How can I prove that all minimal faces have the same dimension?

Question

So, I want to prove that all minimal faces have the same dimension. I've been googling and reading random articles and books that all point towards some unexplained or assumed or otherwise foggy explanations; how can I derive the proof of this fact from the very basic properties of polyhedra and minimal faces?

Answer 1

For a matrix $M$, let $M_I$ denote the submatrix of $M$ obtained by taking rows of $M$ with indices in $I$.

Let $P=\{x\in\mathbb{R}^d\mid Ax\le b\}$, where $A\in\mathbb{R}^{n\times d}$, be a (full dimensional) polyhedron.
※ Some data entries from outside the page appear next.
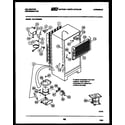 Kelvinator TAK170GN0F system and automatic defrost parts diagram
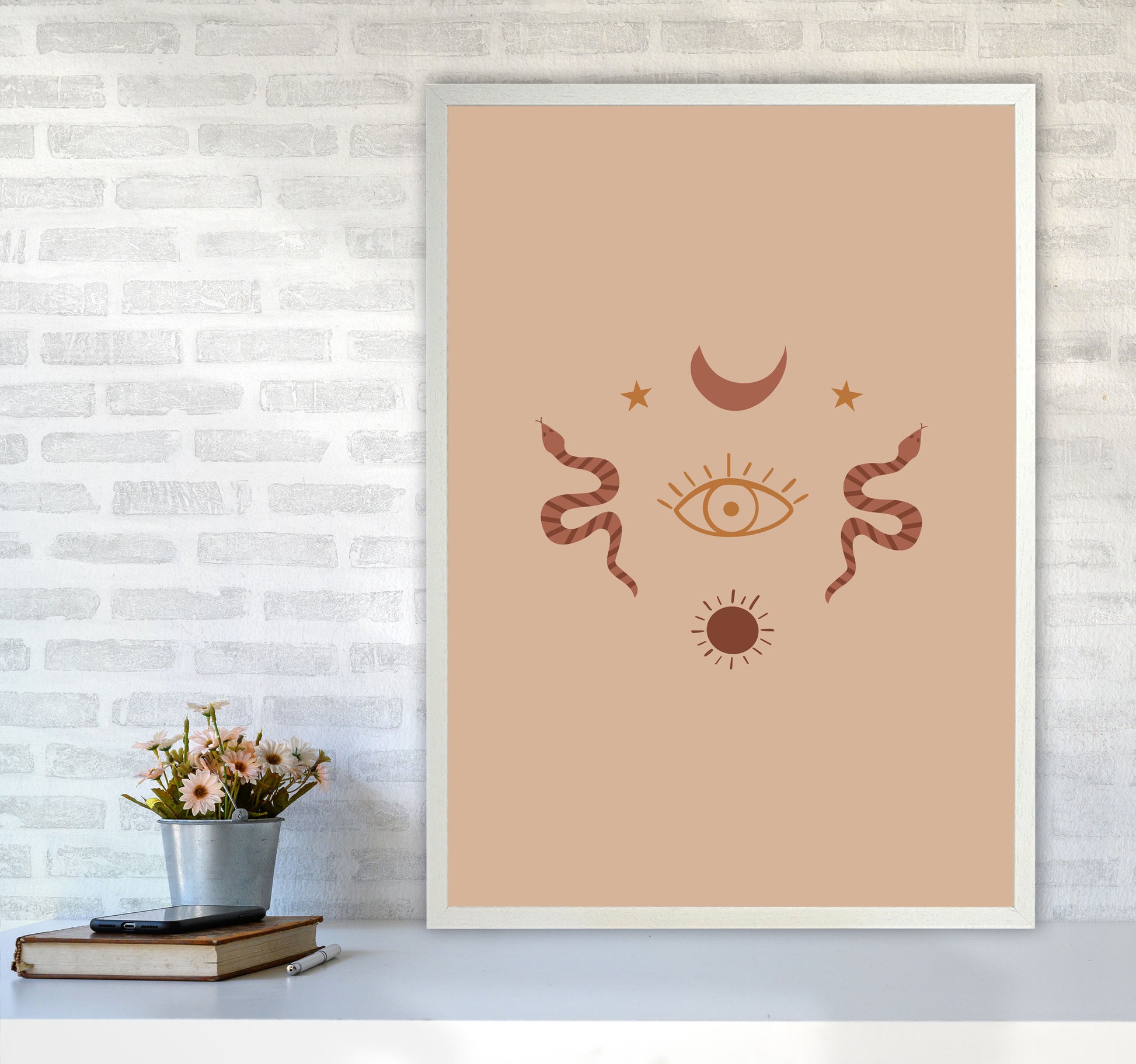 Mystical Art Print by Essentially Nomadic A1 Oak Frame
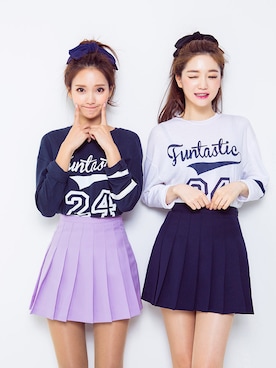 「chuu（チュー）のアイテム」を使った、츄さん（レディース・164cm）の冬コーディネート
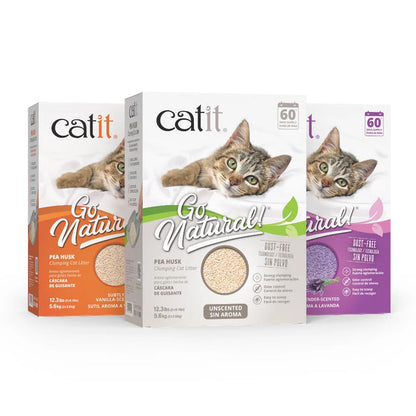 Catit Go Natural - Areia Aglomerante de Casca de Ervilha para Gatos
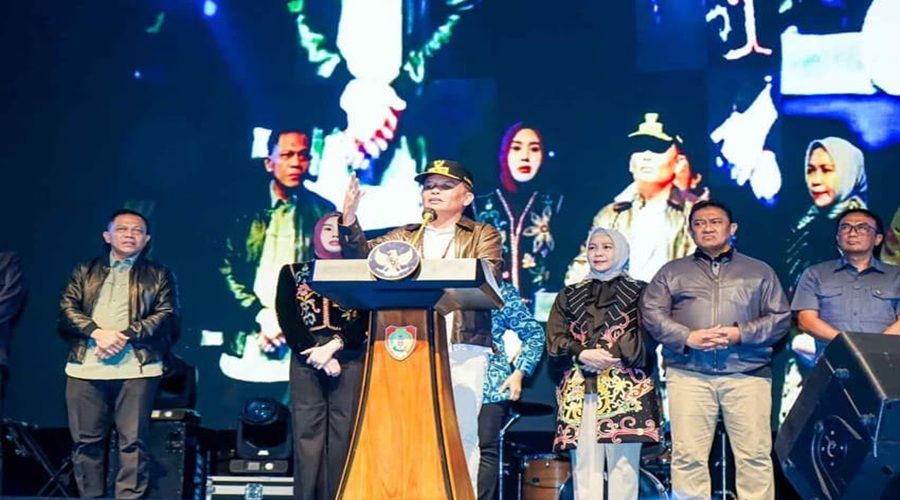 Header Gubernur Kalteng Launching Kalender Hari Jadi Ke-69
Let $F$ be a minimal face of $P$, so there is some $I\subset [n]$ such that $F=\{x\in\mathbb{R}^d\mid A_Ix= b_I\}$. It suffices to show that $\text{rank}(A_I)=\text{rank}(A)$, since $\text{rank}(A_I)=\text{codim}(F)$. ($\text{rank}(A_I)\le \text{rank}(A)$ is clear.)

Suppose for contradiction that $\text{rank}(A_I)<\text{rank}(A)$. Then there is $j\in [n]\backslash I$ such that $A_j$ is linearly independent from the rows of $A_I$. Thus there is some $v\neq 0$ such that $A_I v=0$ and $A_j v>0$.

Fix $f\in F$ and consider $y=f+\lambda v$. Then: $$A_Iy=A_If+\lambda A_Iv=b_I+0=b_I$$ $$A_jy=A_jf+\lambda A_jv$$ Since $A_jv>0$, there is some sufficiently large $\lambda>0$ such that $A_jy>b_j$.

Let $f'\in F^\circ$ (relative interior of $F$) and let $c_\tau=\tau f'+(1-\tau)y$. Then by construction $$A_I c_\tau=\tau A_I f'+(1-\tau)A_Iy=\tau b_I+(1-\tau)b_I=b_I$$

Let $J=[n]\backslash I$. Then $A_J f'<b_J$ since we have equality only for $i\in I$ since $f'$ was an interior point of $F$. But $j\in J$ and $A_jy>b_j$, so there is some $\tau\in(0,1)$ such that $A_Jw_\tau\le b_J$, and there is some $j'\in J$ such that $A_{j'}c_\tau=b_{j'}$. But then $F'=\{x\in\mathbb{R}^n\mid A_{I\cup j'}x=b_{I\cup j'}\}$ is a face of $P$ strictly contained in $F$ (since $f'\notin F'$, but $f'\in F$), contradicting the minimality of $F$.